8 But when Simon Peter saw that, he fell down at Jesus' feet, saying, "Go away from me Lord, for I am a sinful man!" 9 For amazement had seized him and all his companions because of the catch of fish which they had taken; 10 and so also were James and John, sons of Zebedee, who were partners with Simon. And Jesus said to Simon, "Do not fear, from now on you will be catching men." 11 When they had brought their boats to land, they left everything and followed Him.

"But Simon Peter, when he saw it, fell down at Jesus' knees" (v. 8a). This is the first time that Simon is called Peter in this Gospel. The two names, Simon Peter, are used together frequently in the Gospel of John, but only here and on the occasion of Peter's confession (Matthew 16:16) in the Synoptics.
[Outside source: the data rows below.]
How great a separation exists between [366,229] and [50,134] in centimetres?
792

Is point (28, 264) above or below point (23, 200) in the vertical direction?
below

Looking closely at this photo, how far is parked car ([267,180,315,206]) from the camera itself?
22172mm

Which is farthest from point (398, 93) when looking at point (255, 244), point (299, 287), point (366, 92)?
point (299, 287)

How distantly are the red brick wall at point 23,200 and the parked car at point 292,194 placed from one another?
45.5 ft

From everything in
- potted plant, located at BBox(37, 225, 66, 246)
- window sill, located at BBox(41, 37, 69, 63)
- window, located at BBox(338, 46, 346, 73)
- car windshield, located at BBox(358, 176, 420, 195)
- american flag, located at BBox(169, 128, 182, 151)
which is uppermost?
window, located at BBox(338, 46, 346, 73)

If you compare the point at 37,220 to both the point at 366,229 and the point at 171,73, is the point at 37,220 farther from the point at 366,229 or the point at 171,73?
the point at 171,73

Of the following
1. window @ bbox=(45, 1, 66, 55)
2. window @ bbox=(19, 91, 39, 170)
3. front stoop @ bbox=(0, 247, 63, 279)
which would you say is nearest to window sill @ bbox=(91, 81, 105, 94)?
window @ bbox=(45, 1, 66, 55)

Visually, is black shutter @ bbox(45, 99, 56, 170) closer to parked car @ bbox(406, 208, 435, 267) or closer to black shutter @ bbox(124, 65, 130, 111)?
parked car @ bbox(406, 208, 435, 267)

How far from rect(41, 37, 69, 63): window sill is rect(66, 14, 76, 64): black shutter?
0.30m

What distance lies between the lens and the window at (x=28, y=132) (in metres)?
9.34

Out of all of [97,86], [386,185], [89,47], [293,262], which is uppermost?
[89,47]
"Depart from me, for I am a sinful man, Lord" (v. 8b). This is an epiphany story-a moment of sudden insight-especially for Peter. Faced with a miracle, he finds himself in the presence of the Holy and overwhelmed by his own unholiness. Like a poorly dressed person in elegant company, Peter wants only to escape the unfavorable contrast.
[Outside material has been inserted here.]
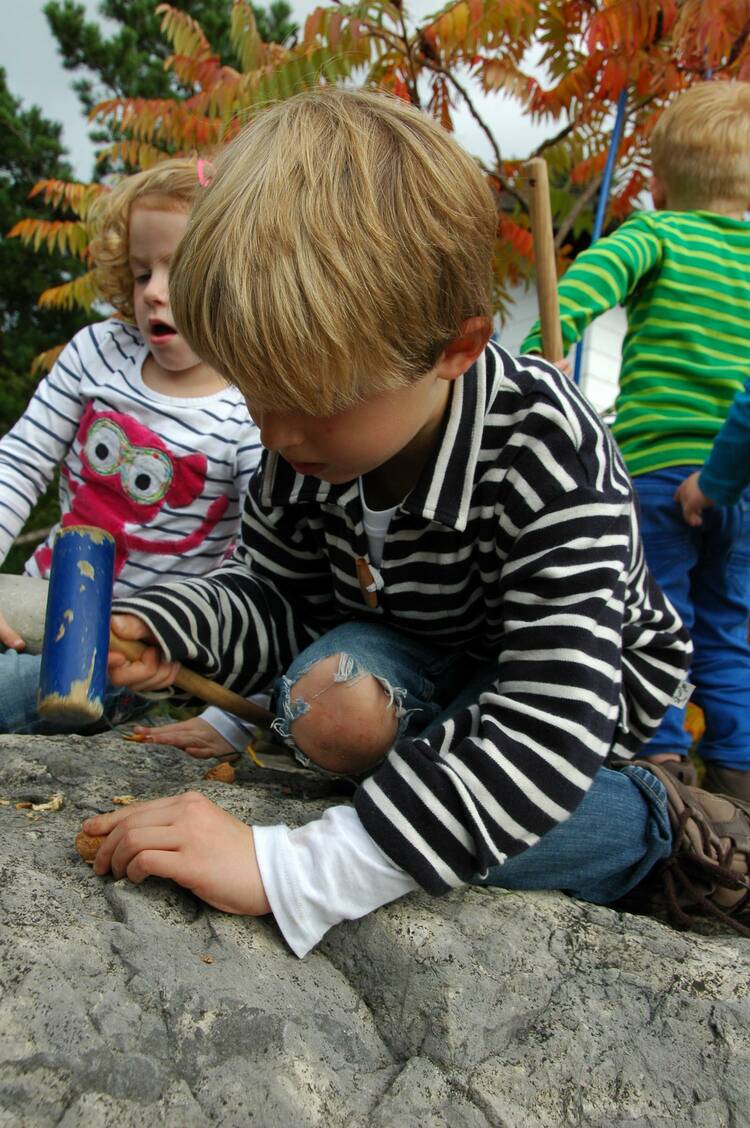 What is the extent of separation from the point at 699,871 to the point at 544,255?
1.62 metres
  • This was also the response of Moses at the burning bush at his call-"Moses hid his face; for he was afraid to look at God" (Exodus 3:6).
  • It was also the response of Isaiah at his call-"Woe is me! For I am undone, because I am a man of unclean lips, and I dwell in the midst of a people of unclean lips: for my eyes have seen the King, Yahweh of Armies!" (Isaiah 6:5).
  • Now it is the response of Peter at his call.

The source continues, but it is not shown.